She came over as slightly dithery, though she was anything but. Think of a British Jewish version of Lucille Ball, and you’re getting close. Add a great sense of style and dress, and always, always, a carrier bag full of vital papers.
She had a wicked sense of humour and frequently enlivened dull meetings for me by telling me glorious, unreportable and unrepeatable gossip about the protagonists. I can hear her now, her blonde hair always immaculately styled, cracking up laughing about some slightly pompous Jewish community leader.
And she was a ferocious letter-writer, too, principally to the JC, but often elsewhere. That was the thing about June — she owed nothing to anyone, so she didn’t care about offending anyone. She was overwhelmingly her own person, beholden to no communal macher, content to plough her own furrow. She wasn’t rich, but she managed a fearsome travel schedule, slotting in two or three obligations on one trip so that one event subsidised another. Every time I met her she was off somewhere else, often to Latin America, with a travel itinerary few people half her age could manage.

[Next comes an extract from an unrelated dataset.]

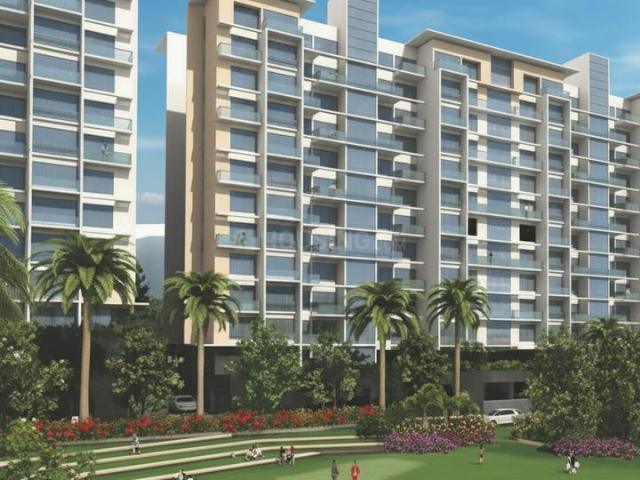 3 BHK Apartment in Spine Road for resale Pune. The reference number is 18920364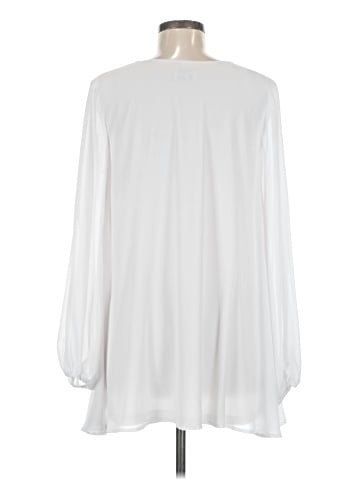 Show Me Your Mumu Long Sleeve Blouse (view 2)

The community establishment, I think, didn’t know what to make of June Jacobs. She was a maverick, a woman who wouldn’t behave like a quiescent housewife, but a woman who was determined to have her say. She made other women feel better and more confident about being independent of mind and spirit, in the days when “feminism” was a dirty word, and when you could write the number of strong-minded Jewish women leaders on the back of a postage stamp. I also think she paved the way for some of the tough-minded women we are fortunate to have in our community today: because I am as certain as can be that without June, there would be no Marie van der Zyl, no Laura Marks, no Louise Jacobs.
And as for those endless, dreary, prolix, communal meetings… if I encountered June Jacobs there it brightened up my day entirely. Ten minutes of conversation with June would cheer me up, even as she was helping me to learn who to trust — and to whom I should never give the time of day.
In short — and this fond tribute must necessarily be so — there was no-one quite like June. Men and women alike — not everyone, of course, she had her enemies, too — spoke warmly of her, as once met, never forgot. She made an impact and she made a difference, and that is something to which we could all aspire. She will be greatly missed.